At least 72,000 displaced people have returned to newly-recaptured parts of Mosul, Iraq’s Ministry of Displacement and Migration said Monday.
“The number of people displaced from western Mosul now stands at 57,000, while the number of those displaced from the entire city has reached some 287,000,” ministry spokesman Sattar Nowruz told Anadolu Agency.
“There has been a voluntary return by displaced people to newly-liberated areas [of the city], with at least 72,000 returning so far to their homes in eastern Mosul,” he said.
Nowruz added that the ministry had just sent a first shipment — containing 35 tons of food and humanitarian aid — to western Mosul’s Wadi Hajar district.
“This first aid shipment will be followed by others, as the local population there continues to suffer from a severe shortage of humanitarian assistance,” he said.

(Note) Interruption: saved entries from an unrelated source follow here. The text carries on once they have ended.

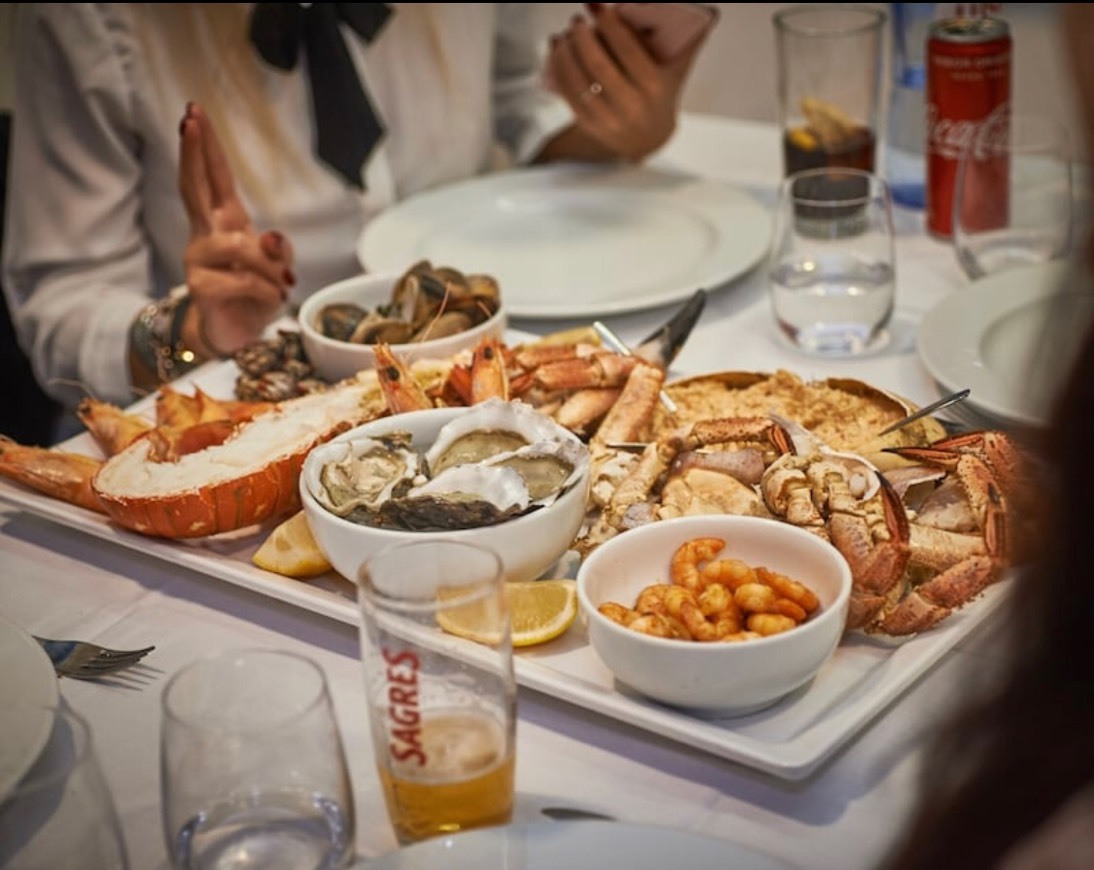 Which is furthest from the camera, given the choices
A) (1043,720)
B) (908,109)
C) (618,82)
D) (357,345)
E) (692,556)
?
(618,82)

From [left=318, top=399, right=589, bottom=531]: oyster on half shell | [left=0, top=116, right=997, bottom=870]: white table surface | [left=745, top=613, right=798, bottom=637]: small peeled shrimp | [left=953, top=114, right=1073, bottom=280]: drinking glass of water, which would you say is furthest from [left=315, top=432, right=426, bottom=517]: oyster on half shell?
[left=953, top=114, right=1073, bottom=280]: drinking glass of water

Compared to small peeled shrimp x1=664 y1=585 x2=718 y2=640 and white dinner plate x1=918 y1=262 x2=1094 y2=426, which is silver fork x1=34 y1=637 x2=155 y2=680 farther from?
white dinner plate x1=918 y1=262 x2=1094 y2=426

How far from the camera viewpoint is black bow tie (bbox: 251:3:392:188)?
82.6 inches

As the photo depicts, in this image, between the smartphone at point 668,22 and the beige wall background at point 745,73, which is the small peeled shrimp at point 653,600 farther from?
the beige wall background at point 745,73

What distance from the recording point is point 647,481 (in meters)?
1.18

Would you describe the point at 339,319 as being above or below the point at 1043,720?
below

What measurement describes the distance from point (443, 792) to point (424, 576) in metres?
0.13

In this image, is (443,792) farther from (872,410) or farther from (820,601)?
(872,410)

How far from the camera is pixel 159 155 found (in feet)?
7.09

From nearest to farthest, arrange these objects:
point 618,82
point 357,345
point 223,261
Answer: point 357,345
point 223,261
point 618,82

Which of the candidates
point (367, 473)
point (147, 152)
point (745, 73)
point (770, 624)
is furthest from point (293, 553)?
point (745, 73)

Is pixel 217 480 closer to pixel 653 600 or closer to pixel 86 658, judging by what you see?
pixel 86 658

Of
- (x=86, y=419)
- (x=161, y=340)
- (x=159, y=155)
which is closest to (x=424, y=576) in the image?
(x=86, y=419)

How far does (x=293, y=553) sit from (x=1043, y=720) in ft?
2.57
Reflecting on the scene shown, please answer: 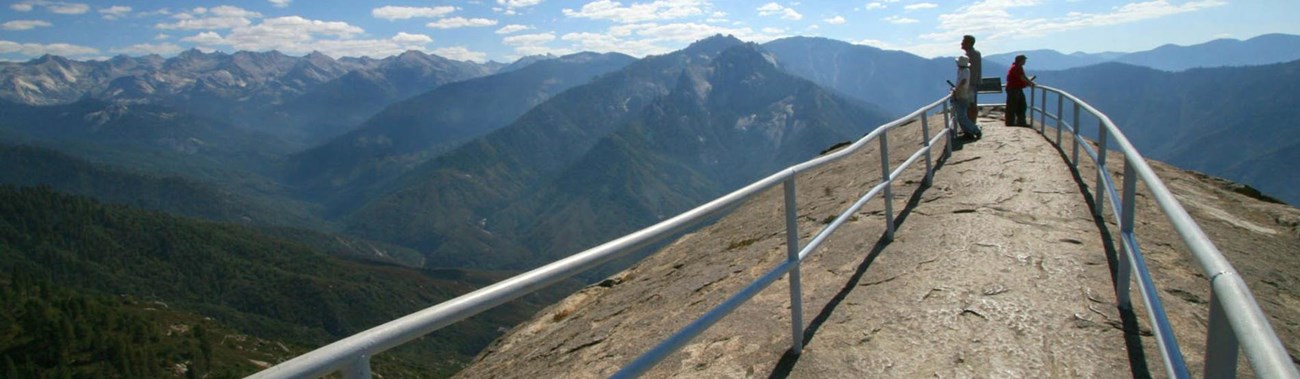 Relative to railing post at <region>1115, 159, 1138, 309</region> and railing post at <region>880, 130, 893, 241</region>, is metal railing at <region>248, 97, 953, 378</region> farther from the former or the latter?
railing post at <region>880, 130, 893, 241</region>

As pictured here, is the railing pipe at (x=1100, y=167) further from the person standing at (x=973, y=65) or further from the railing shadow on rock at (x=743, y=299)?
the person standing at (x=973, y=65)

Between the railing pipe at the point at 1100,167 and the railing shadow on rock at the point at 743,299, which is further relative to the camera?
the railing pipe at the point at 1100,167

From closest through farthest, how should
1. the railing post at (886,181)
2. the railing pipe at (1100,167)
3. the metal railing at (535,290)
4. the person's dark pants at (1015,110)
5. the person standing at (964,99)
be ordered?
1. the metal railing at (535,290)
2. the railing pipe at (1100,167)
3. the railing post at (886,181)
4. the person standing at (964,99)
5. the person's dark pants at (1015,110)

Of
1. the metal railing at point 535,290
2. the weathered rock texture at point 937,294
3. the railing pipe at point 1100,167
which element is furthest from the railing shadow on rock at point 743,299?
the railing pipe at point 1100,167

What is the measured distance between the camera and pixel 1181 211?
9.99 feet

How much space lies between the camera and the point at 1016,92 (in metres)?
19.3

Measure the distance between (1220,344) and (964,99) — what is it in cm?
1520

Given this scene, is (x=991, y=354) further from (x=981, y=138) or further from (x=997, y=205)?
(x=981, y=138)

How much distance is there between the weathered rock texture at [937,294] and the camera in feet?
16.8

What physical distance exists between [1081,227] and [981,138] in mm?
9375

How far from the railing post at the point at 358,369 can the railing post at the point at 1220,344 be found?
103 inches

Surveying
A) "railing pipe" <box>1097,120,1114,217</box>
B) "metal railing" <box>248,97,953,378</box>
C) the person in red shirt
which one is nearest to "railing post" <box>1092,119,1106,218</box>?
"railing pipe" <box>1097,120,1114,217</box>

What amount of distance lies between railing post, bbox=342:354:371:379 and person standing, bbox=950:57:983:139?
16000mm

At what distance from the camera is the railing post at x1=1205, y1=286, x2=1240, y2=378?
7.02 feet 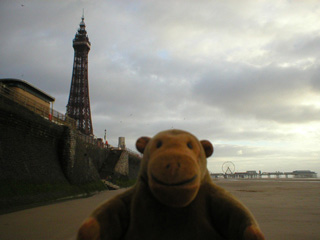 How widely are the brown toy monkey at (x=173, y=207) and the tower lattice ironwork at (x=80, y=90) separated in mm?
47103

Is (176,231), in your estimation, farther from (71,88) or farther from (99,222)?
(71,88)

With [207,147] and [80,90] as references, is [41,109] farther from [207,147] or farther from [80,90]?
[80,90]

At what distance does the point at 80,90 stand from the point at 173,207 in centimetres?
5344

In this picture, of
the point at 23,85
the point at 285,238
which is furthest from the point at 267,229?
the point at 23,85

According to the UN, some 750,000 civilians in western Mosul now face a serious humanitarian crisis.
Last month, the U.K.-based Oxfam group said humanitarian conditions in western Mosul had deteriorated sharply since the city’s supply routes were cut last November when the Iraqi army retook the eastern half of the city.
In mid-February, Iraqi forces — backed by a U.S.-led air coalition — began fresh operations aimed at purging Daesh militants from western Mosul.
The offensive came as part of a wider campaign launched last October to retake the entire city, which Daesh overran — along with much of northern and western Iraq — in mid-2014.